Pedalaman Jambi merupakan ruang hidup Orang Rimba. Namun selain menjadi tempat hidup mereka, pedalaman Jambi juga merupakan rumah bagi etnik minoritas lain, yakni Orang Batin Sembilan. Bersama dengan Orang Rimba, Orang Batin Sembilan dikenal masyarakat luas dengan sebutan Orang Kubu. Bahkan tidak hanya itu, wilayah pedalaman Jambi dan bagian pulau sumatera bagian tengah lainnya juga menjadi ruang hidup beberapa etnik minoritas yang berbeda. Disana hidup Orang Sekak, Orang Talang Mamak, Orang Sakai, Orang Lom, Orang Duano, Orang Akit, Orang Bonai dan beberapa lainnya. Mereka hidup tersebar mulai dari kawasan pantai sampai di dekat kawasan Taman Nasional Kerinci Seblat. Ruang hidup mereka bervariasi. Ada yang mendiami kawasan hutan di antara sungai-sungai besar, di rawa-rawa pantai, maupun di pulau-pulau lepas pantai.

Jumlah keseluruhan Orang Rimba yang tersebar di seluruh pedalaman Jambi diperkirakan antara 2000 sampai 3000 orang. Jumlah yang sangat kecil ini menegaskan betapa minoritasnya Orang Rimba. Keseluruhan jumlah Orang Rimba hanya setara dengan jumlah penduduk satu desa di pulau Jawa, bahkan mungkin lebih besar jumlah penduduk satu desa di pulau jawa. Bandingkan misalnya dengan jumlah etnis Jawa yang berkisar 90 juta orang atau etnis Dayak yang berjumlah kira-kira 2 juta jiwa.

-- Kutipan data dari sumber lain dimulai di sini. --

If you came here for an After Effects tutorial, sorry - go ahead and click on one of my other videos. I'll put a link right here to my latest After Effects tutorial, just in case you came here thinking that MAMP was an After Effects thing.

Selain berjumlah kecil, Orang Rimba merupakan kelompok marginal. Meski tidak sepenuhnya terisolasi, mereka memiliki akses sangat terbatas untuk mengikuti gerak dunia modern. Mereka hampir tidak tersentuh pendidikan formal. Tidak mengherankan apabila mereka tidak memiliki akses kekuasaan di pemerintahan sama sekali. Lantas menjadi tidak aneh apabila Orang Rimba menjadi kelompok yang sangat lemah. Ketika hutan mereka yang kaya kayu dijarah, mereka tidak berdaya. Mereka hanya bisa meratapi hutan yang dihancurkan, yang berarti pertanda bahwa kehidupan mereka terancam.

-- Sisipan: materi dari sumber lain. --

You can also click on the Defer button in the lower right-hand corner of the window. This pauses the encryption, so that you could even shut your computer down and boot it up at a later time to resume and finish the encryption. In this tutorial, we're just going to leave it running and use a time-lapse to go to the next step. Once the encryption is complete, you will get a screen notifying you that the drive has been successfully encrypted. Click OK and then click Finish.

Pengakuan terhadap eksistensi Orang Rimba secara legal hukum oleh negara belum lama diberikan. Itupun tidak secara langsung. Orang Rimba di hutan Bukit Duabelas baru mendapat pengakuan sah dari pemerintah melalui surat keputusan penetapan hutan Bukit Duabelas menjadi taman nasional pada tahun 2000. Dalam penetapan itu disebutkan bahwa selain untuk konservasi, taman nasional juga menjadi cagar bagi Orang Rimba agar kehidupan dan penghidupan mereka di dalam hutan terjaga. Taman nasional ditetapkan sebagai perlindungan bagi Orang Rimba.

Manakah yang tepat ; Orang Rimba, Suku Anak Dalam, atau Kubu?

Orang Rimba merupakan salah satu nama. Ada penamaan lain sebagai identitas mereka, seperti Kubu, Orang Dalam, Sanak, dan Suku Anak Dalam. Sejak berabad-abad yang lalu, masyarakat umum mengenal kelompok Orang Rimba sebagai Orang Kubu. Sampai saat inipun, masih banyak anggota masyarakat yang menyebut mereka dengan sebutan kubu. Istilah kubu juga menjadi nama internasional bagi Orang Rimba. Hal ini disebabkan peran para etnographer awal abad ini yang selalu menyebut Orang Rimba sebagai kubu dalam tulisan-tulisannya. Akibatnya melekatlah nama kubu sebagai istilah resmi dalam literatur.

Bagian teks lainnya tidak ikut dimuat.